# Hello



## midori (Oct 1, 2009)

Hello!

My name is Kirstie and I currently live in northern Ireland, as my husband is in the army. (he's in Afghanistan at the moment, but less than three weeks to go!!!)

We have a houseful here, three children, three Golden retrievers (I breed and show them), two cats, one moggy and one Ragdoll, 14 adult rats, plus babies (I am part hand rearing a litter that are on a foster doe at the moment as their Mum sadly died when they were 11 days old and the foster Mum has thirteen of her own babies), a group of five Multi-mammates, plus babies and eight mice.

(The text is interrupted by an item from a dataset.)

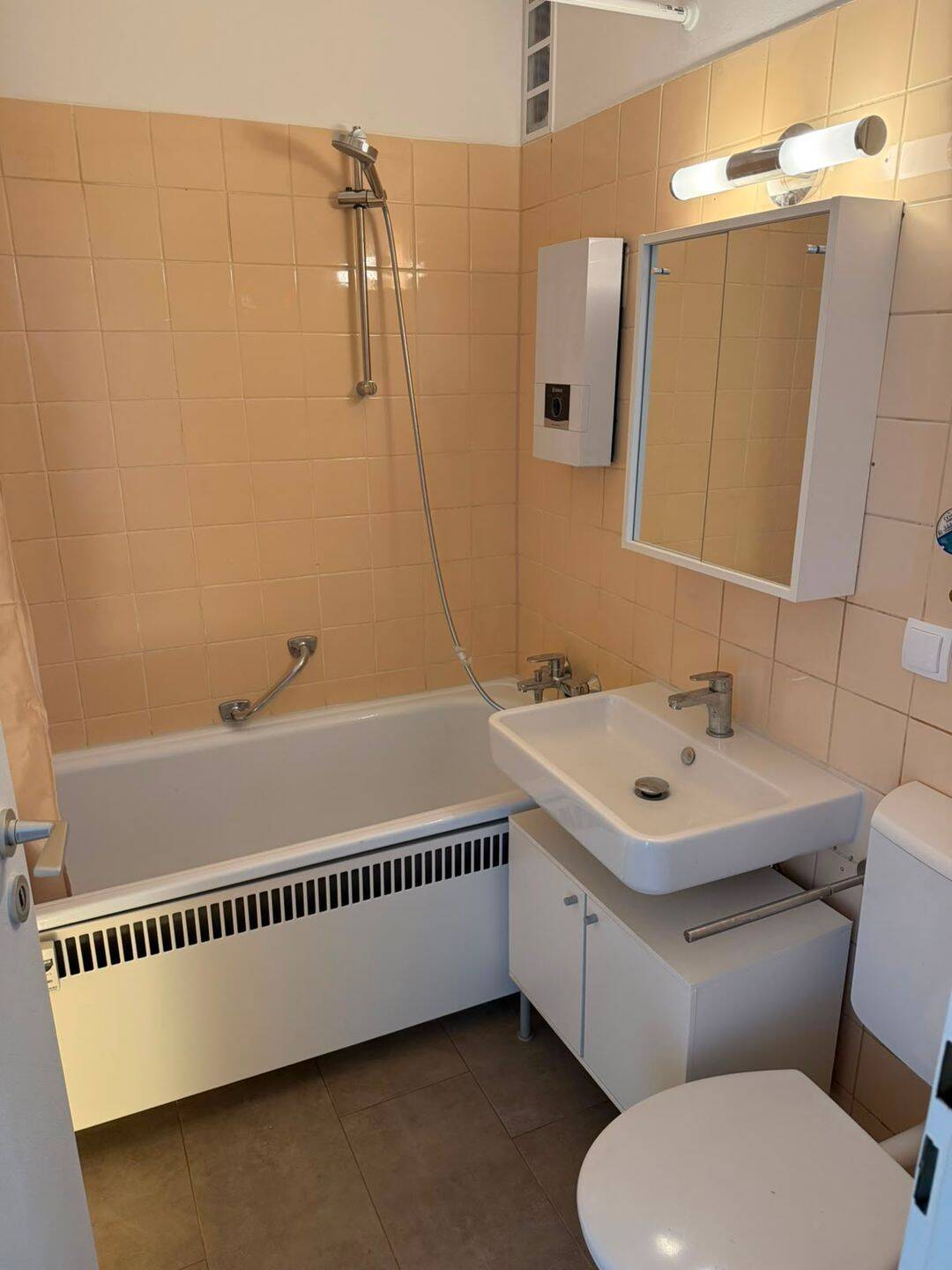 Modern renoviertes 1-Zimmer-Apartment mit Einbauküche, Balkon und toller Aussicht – Nürnberg – Vorschaubild 6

luckily, I don't work, so I spend my days taking care of that lot... :lol:

I am a feeder breeder, and never intended to get mice. However, my local pet shop gave me three that had been delivered to them by accident and it went on from there... I have never paid much attention to mice before, but they are so amazingly gorgeous I can't resist them! Although I breed feeders, I have a 'rule' that none of my adults are ever fed, they are kept retired as pets, and I try to keep all my rodents as closely as pets would be kept as possible, whch includes large, decent cages with lots of toys, plenty of handling/time out of cages, and a pet diet. It probably costs me a lot more money to do things the way I do, but I feel happier than if I was buying frozen pet shop rodents that had been intensively bred and not kept well.

It is nice that this forum welcomes breeders like me, as I obviously want to learn as much aspossible sothat my animals have a good life. Plus, hard though it might be to believe, I do love them, and it's nice to show them off sometimes!


----------



## Rowangate (Jul 28, 2009)

Hi & welcome to the forum


----------



## Kallan (Aug 16, 2009)

Hi! What part of NI are you currently in?

I hope your husband comes home safe


----------



## jo65 (Sep 22, 2009)

Hi There

You have your hands full dont you? My word all those ratties et al. Hope hubby gets back safely for all of you.


----------



## moustress (Sep 25, 2009)

Welcome; I'm kind of new here myself having joined just a week ago. Any chance you will put up pix up the ratties and mousies?


----------



## DomLangowski (Oct 2, 2008)

Hi, Welcome to our forum


----------